On June 13, 2019, Romani people and other residents of the village of Chemodanovka, Bessonovsky District, Penza Oblast were involved in a mass brawl that ended in the death of a non-Romani man. After local residents took actions against Roma, the entire Roma population of Chemodanovka and nearby Lopatki was forced to flee for other regions of Russia. Almost 900 Roma were left without a permanent residence. In addition, 174 members of the Roma community were arrested as they attempted to leave Penza Oblast and were reportedly treated inhumanely. The authorities opened criminal cases against 28 Roma under various articles of the RF Criminal Code. At the same time, none of the village’s non-Roma residents were prosecuted, even though Roma were injured in the brawl. In addition, there is no publicly-available information about the search for or punishment of the people guilty of setting a Romani house on fire and robbing homes abandoned by Roma residents, or about the prosecution of people who incited ethnic hatred.

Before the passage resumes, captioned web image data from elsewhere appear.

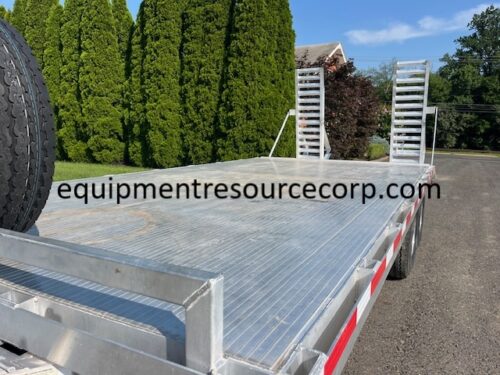 2016 Shetron Deck Over Trailer- $9,850.00 - Image 11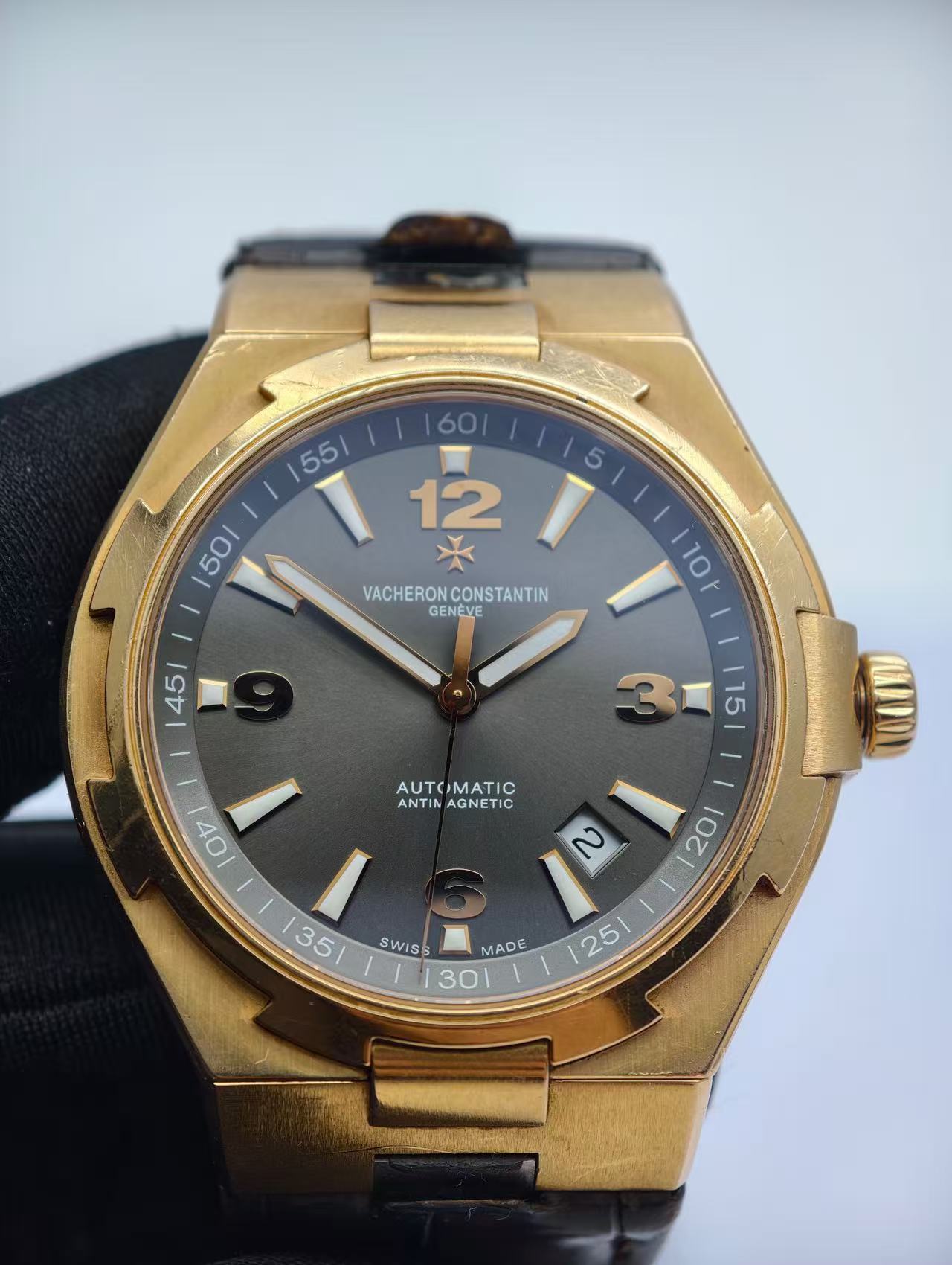 Vacheron Constantin 47040 / 000R-9666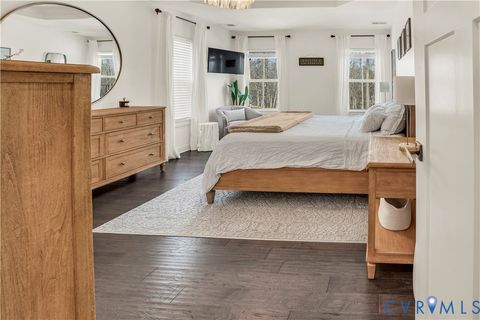 Tiny photo for 4042 Cambrian Circle, Midlothian, VA 23112 (MLS # 2603185)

On May 16, 2019, over 100 Roma people, including women, elderly people, and children, were subjected to illegal detention and inhumane treatment by police officers in Mogilev and Gomel Oblast, Belarus. These human rights violations had not yet been investigated and the guilty parties had not been prosecuted.

The tragic experience of Roma both from the past and the present have to be fully acknowledged, in order to overcome exclusion, to stop discrimination and to prevent from the repeating of the history.

Responding to the last dramatic events in a few Roma settlements in Russia and in Belarus, where hundreds of Roma were illegally arrested, humiliated or forced to flee, ADC Memorial used an Early-Warning measures of UN CERD in order to bring these cases (Rusiia) (Belarus) to the consideration of the Committee already at the closest session during August 2019. ADC Memorial also submitted information to UN Special Rapporteurs on minority issues and on adequate housing in order to alert them and ask for required measures.